What to do: The count of lines below that include the string "avec" is the whole answer; write it alone.

Stored dataset items:
════

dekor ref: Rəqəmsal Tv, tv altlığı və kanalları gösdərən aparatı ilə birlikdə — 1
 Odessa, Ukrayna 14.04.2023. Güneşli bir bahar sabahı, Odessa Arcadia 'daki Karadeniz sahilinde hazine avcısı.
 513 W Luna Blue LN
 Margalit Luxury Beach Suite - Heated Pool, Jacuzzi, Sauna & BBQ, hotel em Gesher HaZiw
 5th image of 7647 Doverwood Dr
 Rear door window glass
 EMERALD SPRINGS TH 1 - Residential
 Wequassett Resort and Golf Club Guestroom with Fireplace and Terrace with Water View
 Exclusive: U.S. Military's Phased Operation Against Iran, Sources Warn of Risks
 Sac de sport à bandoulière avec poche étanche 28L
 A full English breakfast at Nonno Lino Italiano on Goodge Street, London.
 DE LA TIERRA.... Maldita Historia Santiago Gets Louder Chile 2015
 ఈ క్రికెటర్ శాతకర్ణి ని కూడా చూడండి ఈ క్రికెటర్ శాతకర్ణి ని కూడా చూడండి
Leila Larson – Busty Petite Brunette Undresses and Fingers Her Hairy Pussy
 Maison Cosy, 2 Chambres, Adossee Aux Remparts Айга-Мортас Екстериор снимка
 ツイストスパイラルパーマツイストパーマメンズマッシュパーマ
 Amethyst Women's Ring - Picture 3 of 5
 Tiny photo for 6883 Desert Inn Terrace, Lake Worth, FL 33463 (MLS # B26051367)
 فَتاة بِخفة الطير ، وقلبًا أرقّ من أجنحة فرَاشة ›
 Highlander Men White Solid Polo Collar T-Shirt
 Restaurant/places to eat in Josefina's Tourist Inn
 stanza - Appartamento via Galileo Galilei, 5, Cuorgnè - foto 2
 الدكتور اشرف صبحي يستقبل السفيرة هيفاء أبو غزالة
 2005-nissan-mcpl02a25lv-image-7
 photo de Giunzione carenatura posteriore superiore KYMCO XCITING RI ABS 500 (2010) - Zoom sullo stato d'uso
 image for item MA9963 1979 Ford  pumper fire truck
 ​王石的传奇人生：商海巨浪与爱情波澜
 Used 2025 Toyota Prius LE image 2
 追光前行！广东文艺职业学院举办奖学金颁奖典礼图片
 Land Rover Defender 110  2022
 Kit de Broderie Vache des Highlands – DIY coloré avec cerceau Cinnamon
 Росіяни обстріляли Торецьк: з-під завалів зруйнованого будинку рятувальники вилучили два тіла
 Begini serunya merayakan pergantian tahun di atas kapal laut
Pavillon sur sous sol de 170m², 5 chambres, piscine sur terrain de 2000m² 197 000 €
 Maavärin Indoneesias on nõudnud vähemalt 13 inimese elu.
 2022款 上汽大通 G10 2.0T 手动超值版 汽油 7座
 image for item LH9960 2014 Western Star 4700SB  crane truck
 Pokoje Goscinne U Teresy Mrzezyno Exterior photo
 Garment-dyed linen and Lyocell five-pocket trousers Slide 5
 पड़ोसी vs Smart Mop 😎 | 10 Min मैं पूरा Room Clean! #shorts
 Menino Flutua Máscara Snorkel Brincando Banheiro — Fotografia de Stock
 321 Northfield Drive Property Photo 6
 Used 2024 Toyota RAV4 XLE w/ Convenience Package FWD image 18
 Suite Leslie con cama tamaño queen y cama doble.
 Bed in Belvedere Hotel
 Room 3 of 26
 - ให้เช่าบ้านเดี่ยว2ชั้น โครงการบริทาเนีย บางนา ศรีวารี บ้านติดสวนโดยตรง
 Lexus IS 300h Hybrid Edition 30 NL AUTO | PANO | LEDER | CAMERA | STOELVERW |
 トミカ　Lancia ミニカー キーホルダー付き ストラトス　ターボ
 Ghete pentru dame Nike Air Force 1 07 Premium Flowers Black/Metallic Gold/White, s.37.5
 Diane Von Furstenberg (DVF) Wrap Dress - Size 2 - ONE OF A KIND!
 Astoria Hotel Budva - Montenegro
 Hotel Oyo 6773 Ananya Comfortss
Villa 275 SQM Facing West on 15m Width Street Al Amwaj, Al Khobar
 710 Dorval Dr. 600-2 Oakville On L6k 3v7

════

Solved exercise: 2